Or did you write your comment with an intentional self-demeaning note, and not a sarcastic tone?
Even the best code I've ever written rots, not because it changes but because I get better. Now... I know thinking out of the box is hard... but one can get better a lot of different ways, and call me an optimist, but I'm betting folks can get better at producing tool-assisted code, too. Assuming how we do it now is how it will be forever is silly.
We're in the middle of figuring out the next level of mediated engineering. You-know-what or get off the pot, but stop pretending being a dinosaur is still in vogue. It's gauche, and trust me, we've seen it all before...
... back in my day we didn't have that fancy IDE autocomplete; we memorized every function in a library. IDEs?! ... Back in my day we didn't even have debuggers; we just knew how the code worked. Pish posh, back in my day the compiler didn't even produce error messages that made sense. Compilers? The faux luxury of it all! Back in my day, if you actually cared about your code, you wrote the assembly by hand.
And no, not all my code is written at 5 am when I am close of passing out. But I say those who never experienced that flow to also do hacky things to get something done and if it takes till the morning, maybe did not capture the full spirit of a hacker site?
I believe the point being discussed is the scale of "badness" that vibe-coding introduces.
Yes, my point was exactly about the middle ground. (And the double implemented functions were of a rather small kind, where rewriting them was faster than looking for the old ones. And it was hyperbole of course, I don't routinely do the same again and again for no reason. I remember maybe 2 or 3 instances of that happening)

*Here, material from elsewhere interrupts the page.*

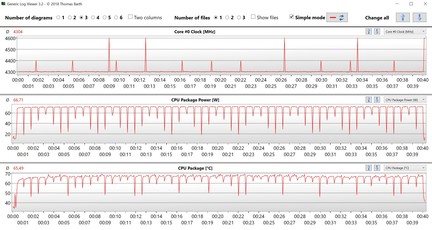 Intel Core i5-9600K durante il ciclo di benchmark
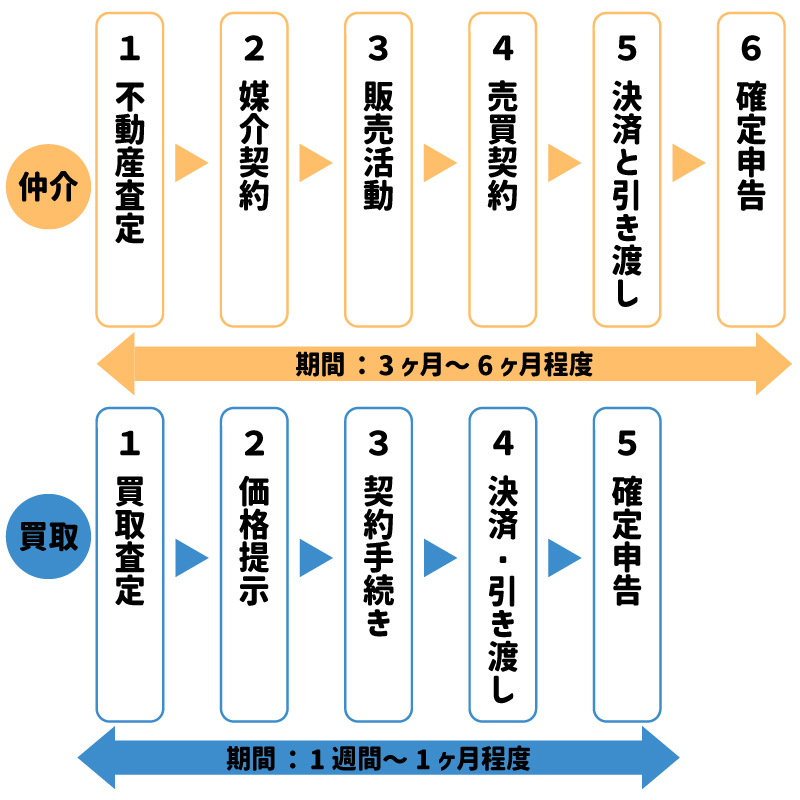 不動産「買取」と「仲介」の違い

I wrote bad code and good code in my life, depending on the project and depending on myself.
And where I wrote bad code in the past, AI is actually great with helping that. Finding duplicates, documentation out of order, etc.
"I believe the point being discussed is the scale of "badness" that vibe-coding introduces."
The point I was discussing is that code is not automatically understood, or good, just because a human wrote it.
So all in all, sure, Vibe coding enables a new universe of bad code (that pretends to look good). But if done right, it can also raise the bar. It is a powerful tool and up to us on how we use it.